Genomic DNA isolation, PCR and DNA sequencing:
Genomic DNA was isolated from fungal cells either with a CTAB extraction buffer or NaCl-SDS buffer protocol (Pitkin et al. 1996). A fragment of ADE2 was amplified by PCR with primers ALID0380 (ACTGGATCGACCTCATCG) and ALID0381 (CGATGACTGGCAAACTGG), and the full URA5 gene was amplified with primers ALID0375 (TGCAAAGAGCGAAGTTGC) and ALID0376 (GATTGACAGCCAACAATC). Amplicons were sequenced and compared to the genome database for serotype A strain H99 at the Broad Institute. To assess the parental contribution of the mitochondrial genome, primers Da 20 (GACACTACACAAGATGCCTC) and Da 3 (GCAATAGCATATACCATCCCG) were used in PCR analysis that detects a size difference between the mitochondrial-encoded COX1 gene of JF99 and M001 (Toffaletti et al. 2004). For amplification of the mating type alleles, primers ai144 (GAAAAGGTTACGACAGAGG) and ai145 (TGGGAAGAACTATCAGAGG) were used for the α allele (between the FOA1 and SXI1α genes) and primers ai150 (ACGCAGTGTCAACTGGTC) and ai151 (CGCACCTTTTCTGTAGGG) used for the a allele (between the RUM1 and MYO2 genes).

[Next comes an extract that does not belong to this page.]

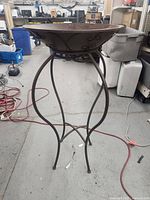 Full view of the standing metal brazier with wide bowl and curved wrought iron legs in a workshop environment.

Characterization and generation of C. neoformans strains:
To examine the meiotic process in C. neoformans, strains were chosen that are congenic and contain markers that would enable genetic analysis of segregation. Two haploid strains of opposite mating type (MAT) bear mutations in genes resulting in auxotrophic phenotypes that can be scored easily. The MAT locus has two alleles, a and α, and comprises ∼20 genes in a 100-kb region of the genome (Lengeler et al. 2002). Strain M001 (ade2 MATα) is an adenine auxotroph that has been previously characterized to determine that it has a point mutation within the coding region of the phosphoribosylaminoimidazole carboxylase enzyme (Perfect et al. 1993; Sudarshan et al. 1999). The nature of the mutation within the URA5 gene in strain JF99 (ura5 MATa), a uracil auxotroph, was unknown. The URA5 gene was amplified and sequenced from this strain, and exhibits a single A- to G-bp substitution. This results in an aspartic acid to asparagine substitution at position 130, which is a residue conserved in orotate phosphoribosyltransferase enzymes in both fungi and bacteria. The mutant allele in strain JF99 alters a ClaI restriction enzyme site that can be used to score URA5 alleles in diploid strains (e.g., see Figure 3). Reversion rates back to wild type are low for both auxotrophs (Sudarshan et al. 1999 and my unpublished data). Analysis of the genome sequences of the wild-type serotype A strain H99 and serotype D strains JEC21 and B-3501 show that the ADE2, URA5, and MAT genetic loci are located on three separate chromosomes.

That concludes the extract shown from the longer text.